Improving Transportation
This rapid influx of population through the back door of the county, soon commanded the attention of county officials. When in 1745 the first official highways were laid out in the eastern part of the county, they found that individual initiative had already preceded them. Three highways (two were described above) and at least two bridges (one at Sodom) across the East Croton were already in use. Also a highway from Danbury to the mines in northwest Connecticut passed through New Fairfield, followed the Ten Mile River into New York colony at Dover and then ran back into Connecticut. The third highway in Patterson, probably leading south from Dover on the Ten Mile River-Danbury road, passed along the east side of the Great Swamp and followed the East Croton into the Oblong.
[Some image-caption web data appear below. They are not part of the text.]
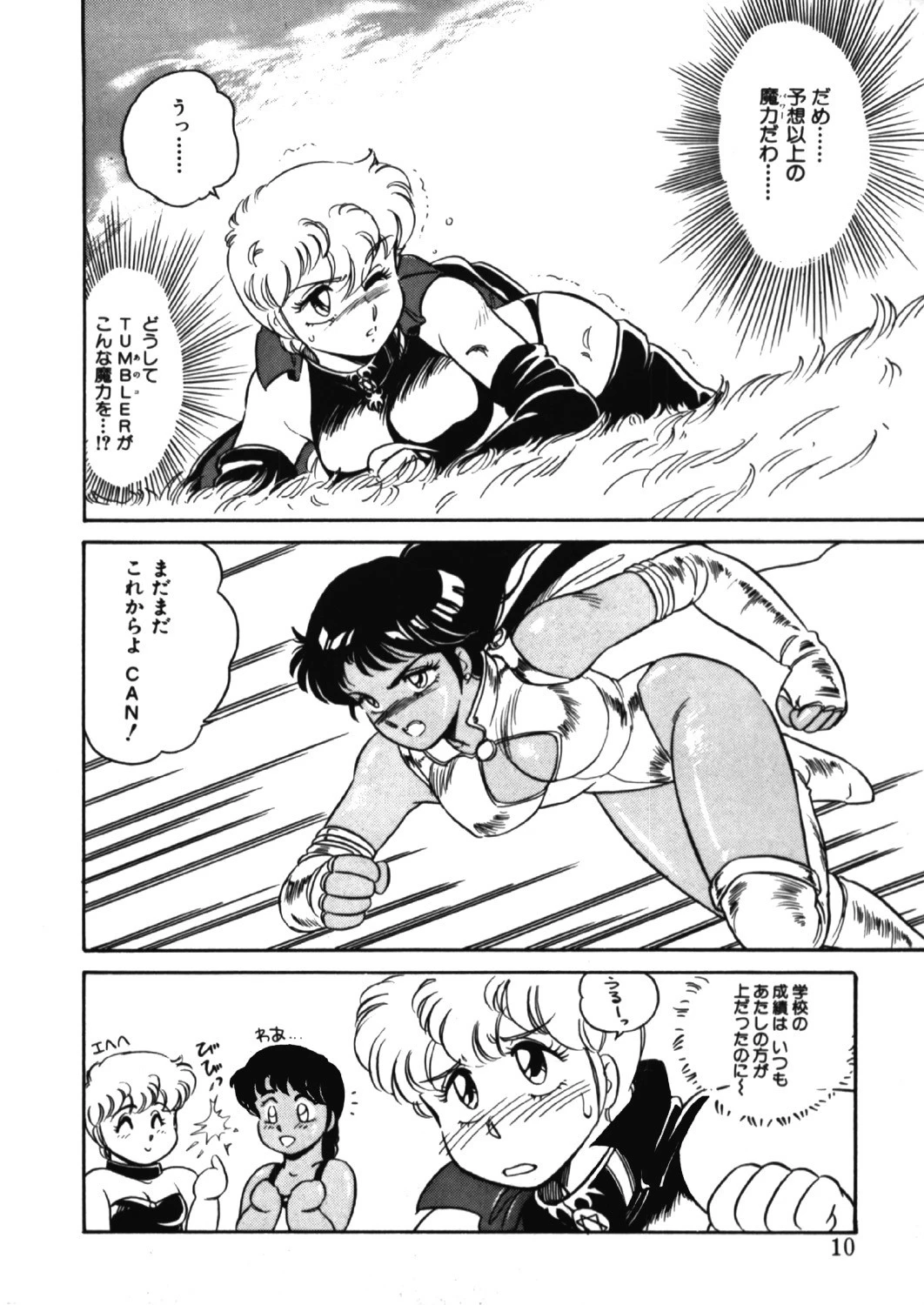 いきなりっ！CANCAN VOL.3 7ページ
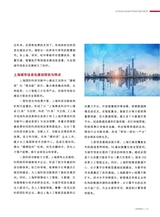 上海信息化2025年4月第4期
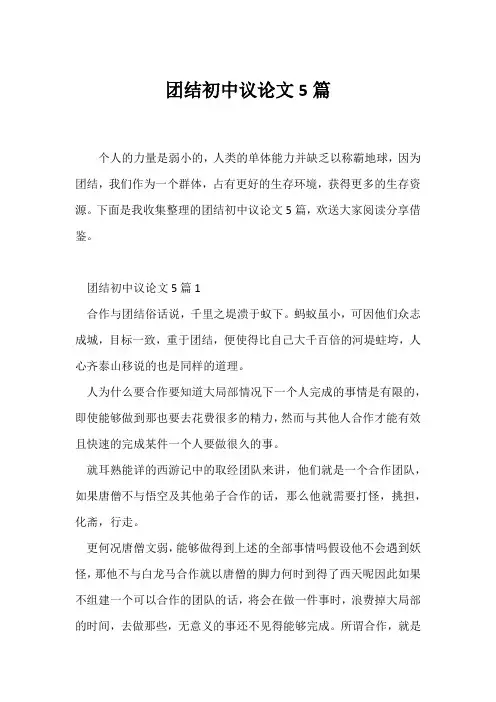 (议论文)团结初中议论文5篇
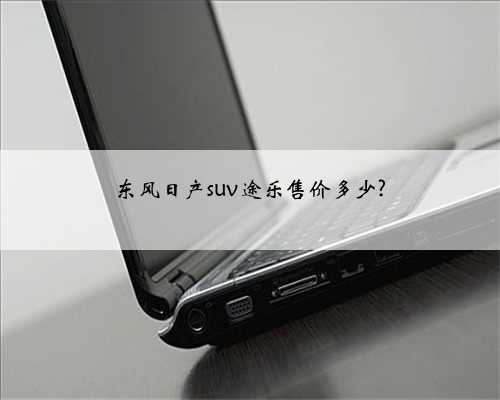东风日产suv途乐售价多少?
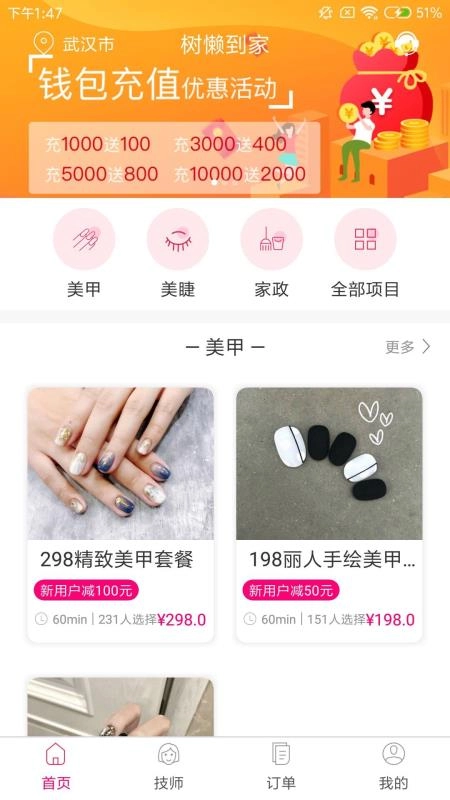 树懒到家免费版图3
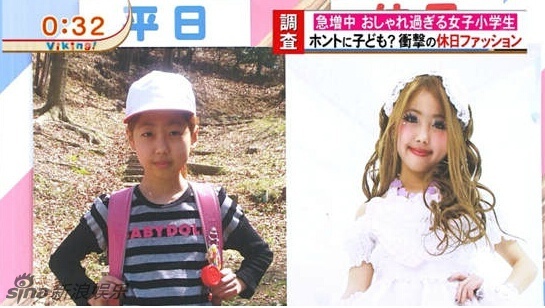 時(shí)尚時(shí)尚最時(shí)尚！日本小學(xué)生假日妖艷變身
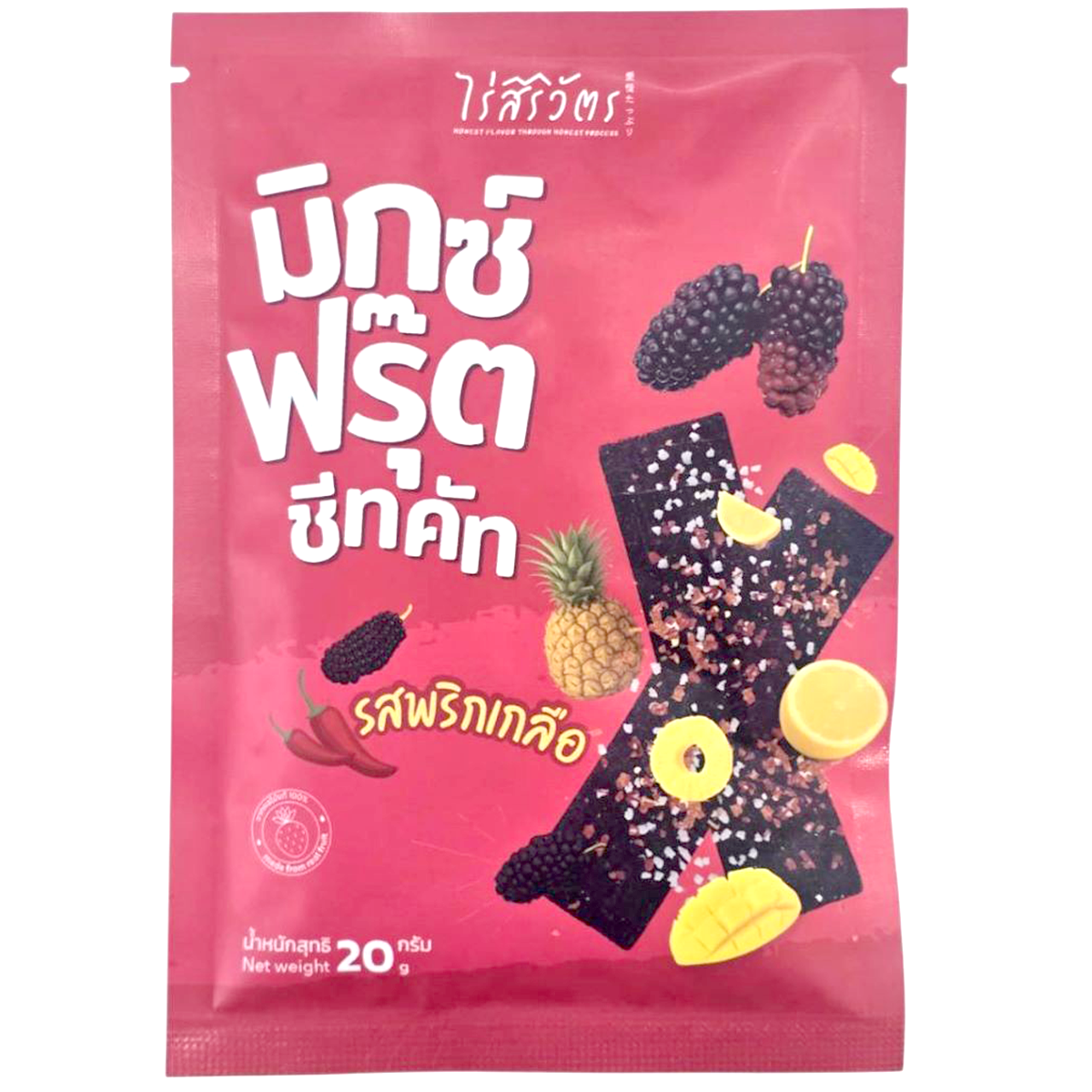 Rai Siriwat Mixed Fruit Sheet Cuts & Mulberry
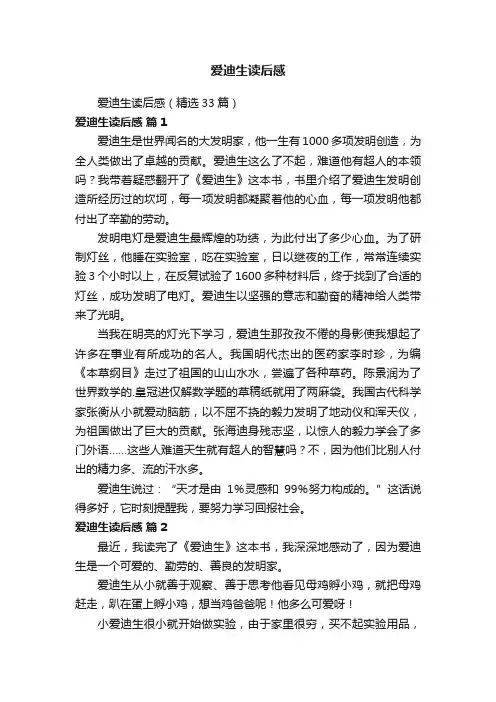 爱迪生读后感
North of Haviland Hollow this roughly follows our present State Highway number twenty-two.
If we note the language of the Dutchess road commissioners, some of the established roads were “paths” whereas others were “highways.” The pattern of development may have been that paths connected favorable farmsteads with millsites and more developed highways, these ways in turn influenced patterns of settlement as families and businesses clustered at important intersections; and then as settlement increased further, local roads were built to interconnect them, sometimes still going by the best navigable route from place to place but also often following new property lines, as much as topography permitted. An example of the latter is the road laid out up the middle of the Oblong; in Haviland Hollow there is an old section of that roadway up Cranberry Mountain that was too steep and little used to justify the expense of modern maintenance and so has been abandoned.
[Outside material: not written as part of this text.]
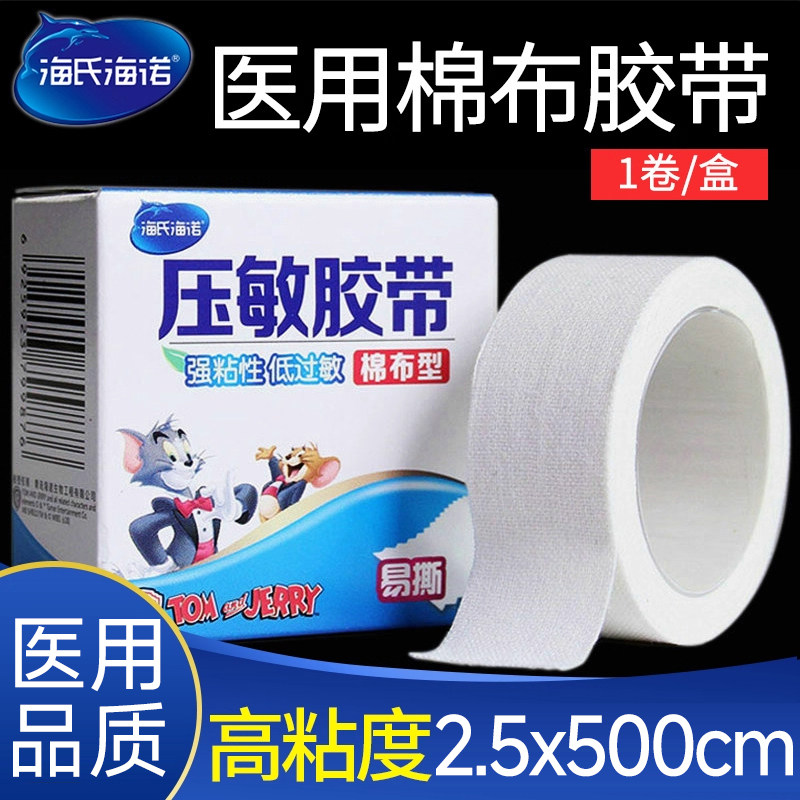 海氏海诺压敏胶带医用胶布图片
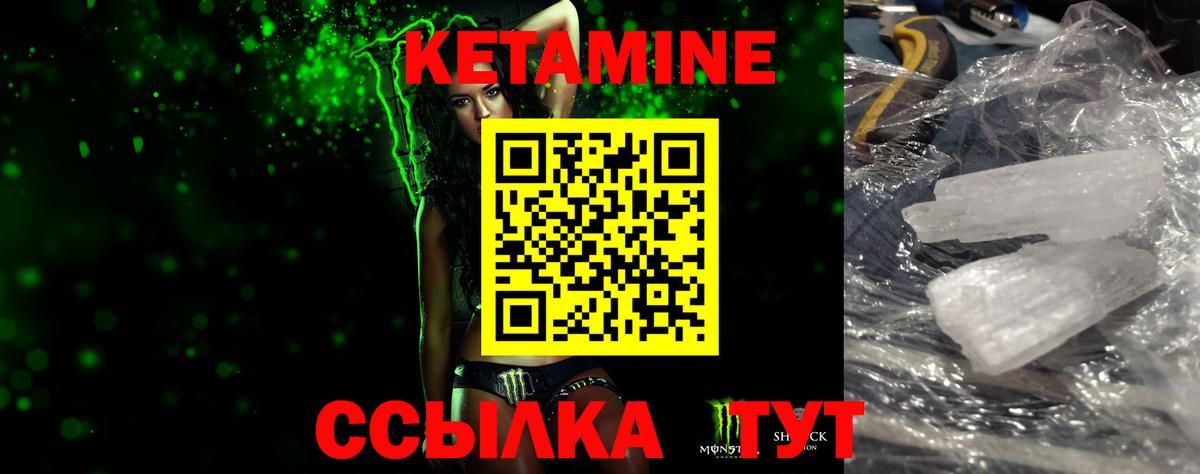 Кетамин VHQ Серпухов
The large landlords began taking a more active interest in the eastern lands in the mid 1740’s. The Dutchess County road commissioners (one of whom was Philip Philipse) imposed a new pattern, and thereafter the dominant one, for transportation, over the one that had been oriented to Danbury. The Patent Road (now approximately Route 22) connecting Beekman’s Patent (now southeastern Dutchess) through the Philipse Upper Patent (now Putnam) to Cortlandt’s Patent (now northern Westchester), began the reorienting of traffic towards New York City. Between 1745-52 two other important north and south highways were laid out. One ran the entire length of the high ridge that marks the center of the Oblong. The other (now Route 52) ran through Carmel and Ludingtonville. These two highways were to become two of the most important north and south highways in the state during the following century. Two east highways were laid out: one from De Forest Corners to Carmel, the other from the Oblong road on Quaker Hill west through Patterson to Ludingtonville and then north to join the main highway. From two centers, one at Sodom and one at the meeting house (one mile East of Dykeman’s) radiated a number of short roads. Other roads connected the main highways. These roads interconnected (or improved the connections between) existing mill sites and settlements: Milltown and Southeast Center (Sodom, in Brewster), Red Mills (in Mahopac), ‘Morrison’s’ Mills (at Routes 311 and 292 in Patterson), Bircham’s Mills (along Simpson Rd in Carmel).